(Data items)
——————
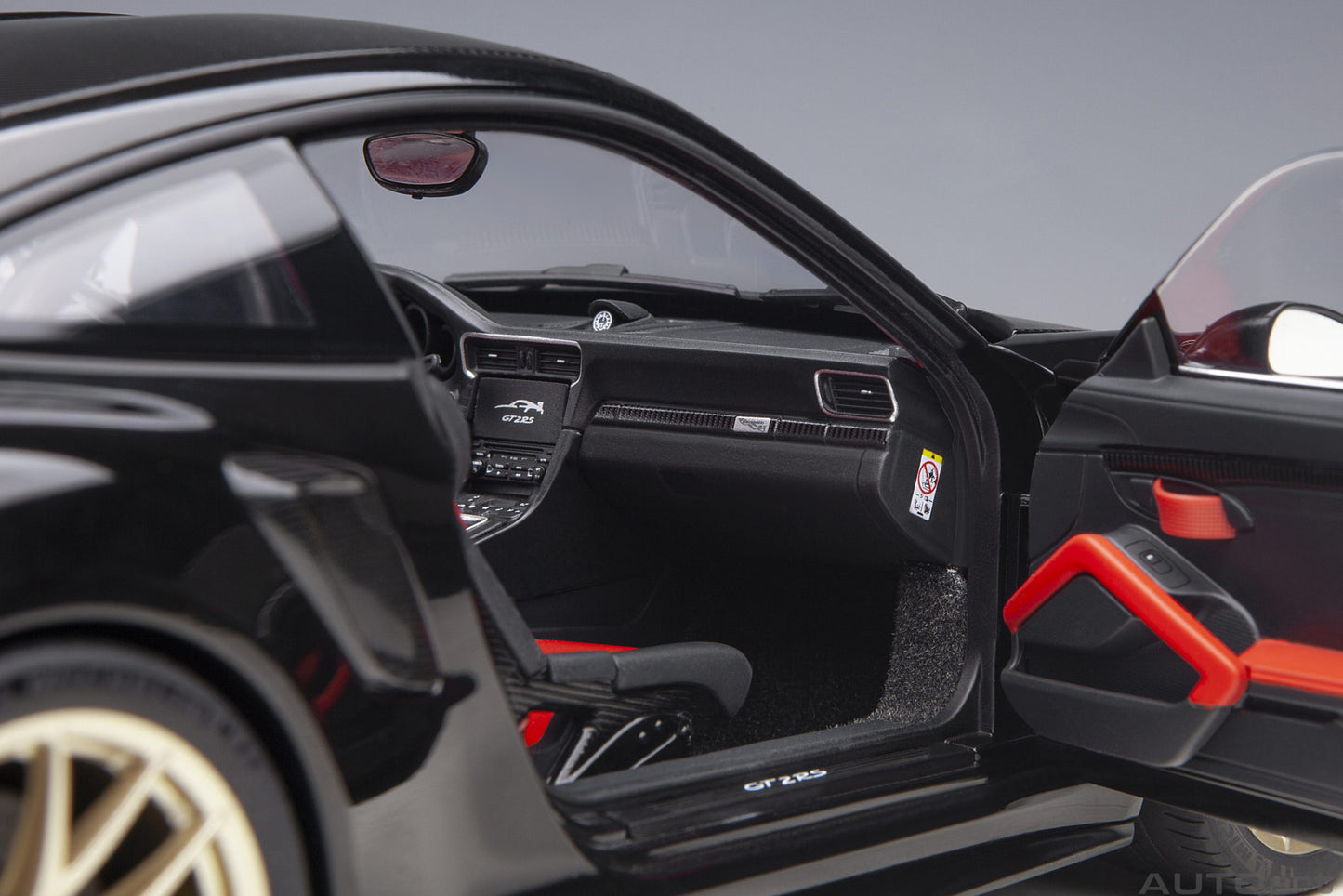 AUTOart 1:18 Porsche 911 (991.2) GT2 RS Weissach Package (Black) 78186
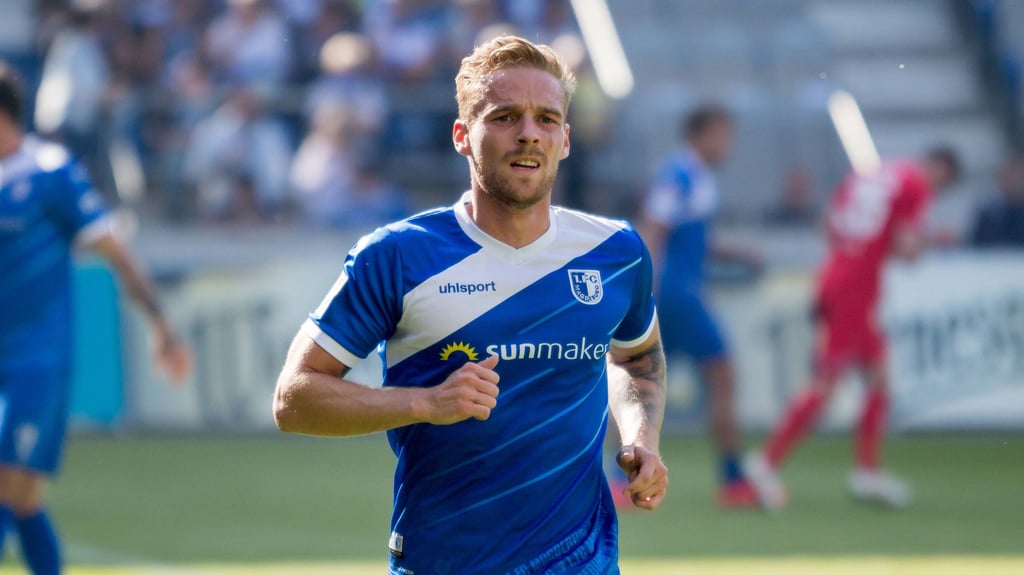 Nils Butzen stammt aus der Jugend des 1. FC Magdeburg und verließ den Klub 2019 Richtung Hansa Rostock.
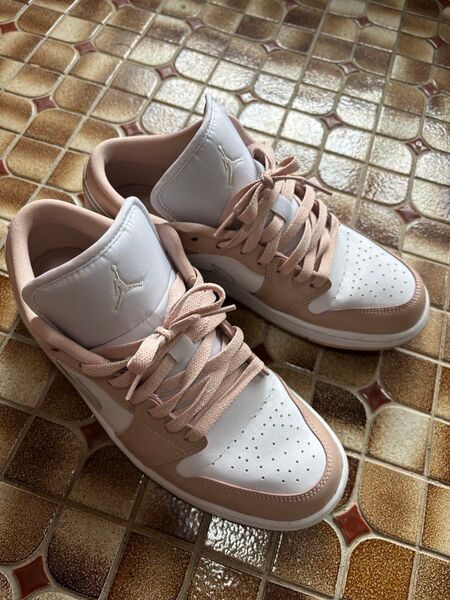ナイキ NIKE スニーカーエア ジョーダン 1 LOW ウィメンズシューズ / Air Jordan 1 Low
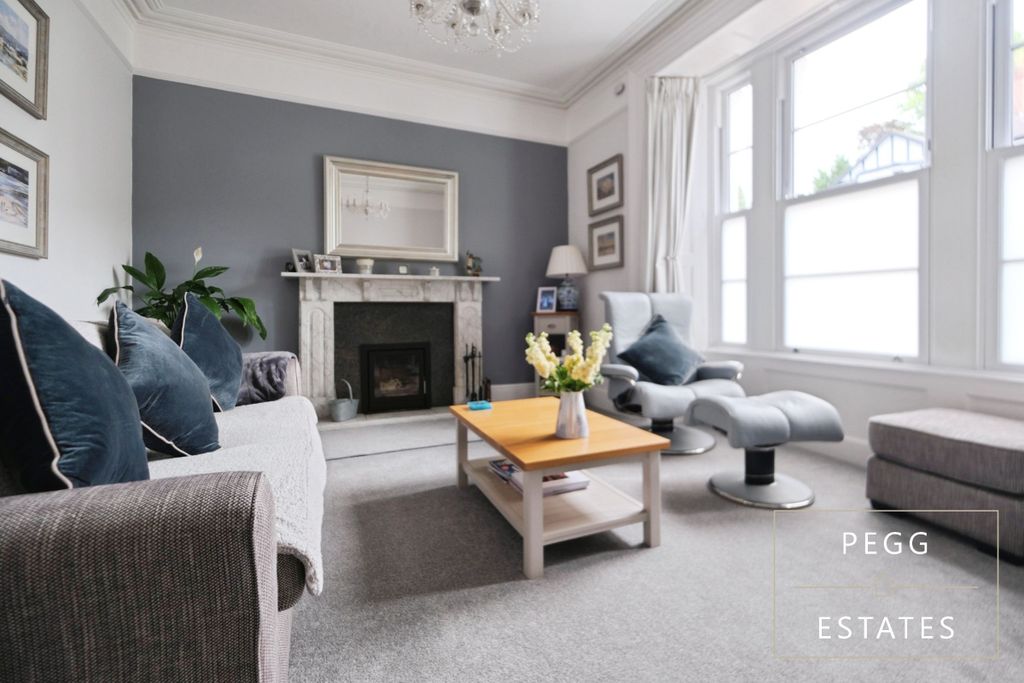 Property photo 2 of 33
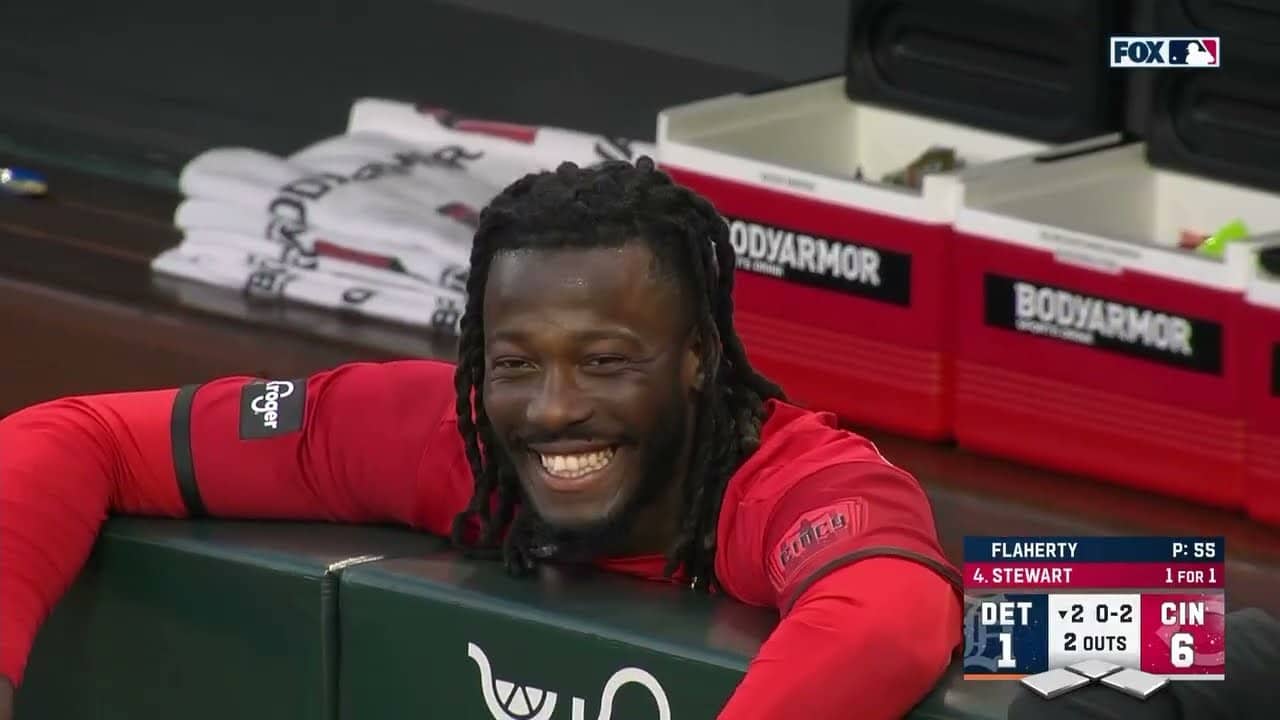 Elly De La Cruz crushes his 9th home run of the season for the Reds! 🔴 MLB Highlights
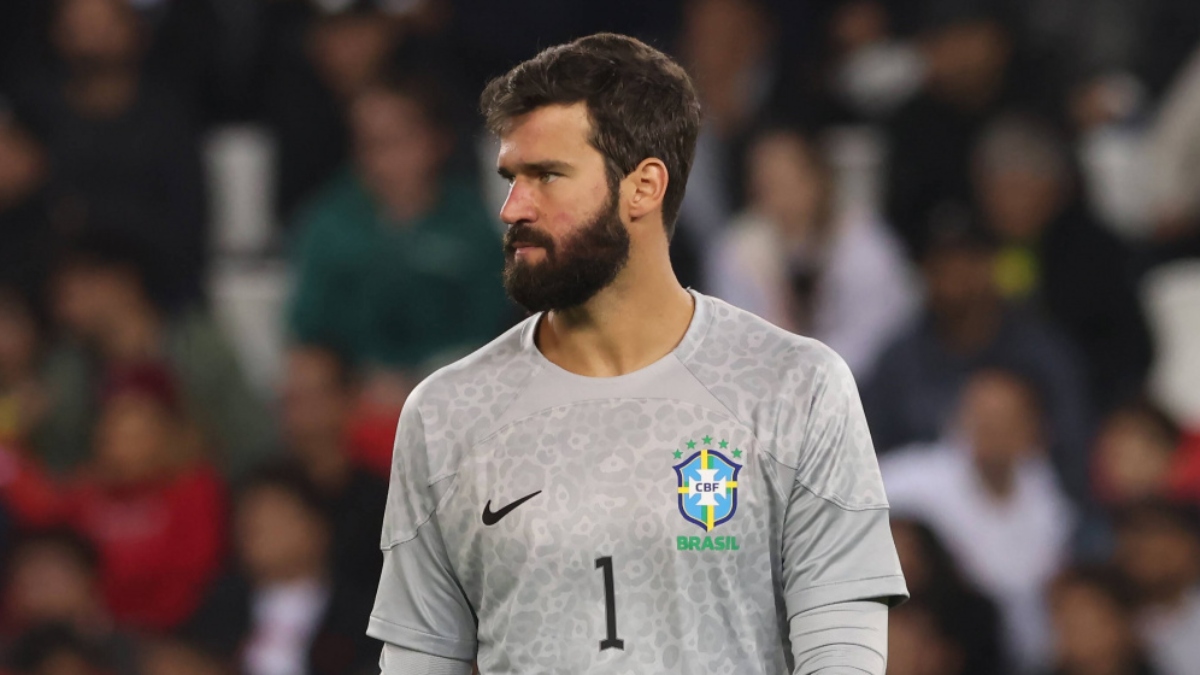 Alisson Becker To Manuel Neuer: Top 10 Goalkeepers Who Define Excellence in Football-1-2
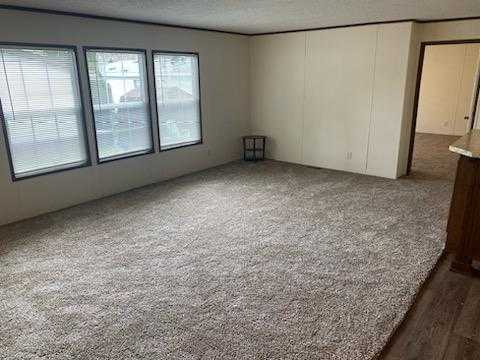 15562 Pine Ridge Dr in Linden, MI - Foto de edificio - Building Photo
——————
The task
Once more, please print all the lines above exactly, without their pictures.

Reply
 AUTOart 1:18 Porsche 911 (991.2) GT2 RS Weissach Package (Black) 78186
 Nils Butzen stammt aus der Jugend des 1. FC Magdeburg und verließ den Klub 2019 Richtung Hansa Rostock.
ナイキ NIKE スニーカーエア ジョーダン 1 LOW ウィメンズシューズ / Air Jordan 1 Low
 Property photo 2 of 33
 Elly De La Cruz crushes his 9th home run of the season for the Reds! 🔴 MLB Highlights
 Alisson Becker To Manuel Neuer: Top 10 Goalkeepers Who Define Excellence in Football-1-2
 15562 Pine Ridge Dr in Linden, MI - Foto de edificio - Building Photo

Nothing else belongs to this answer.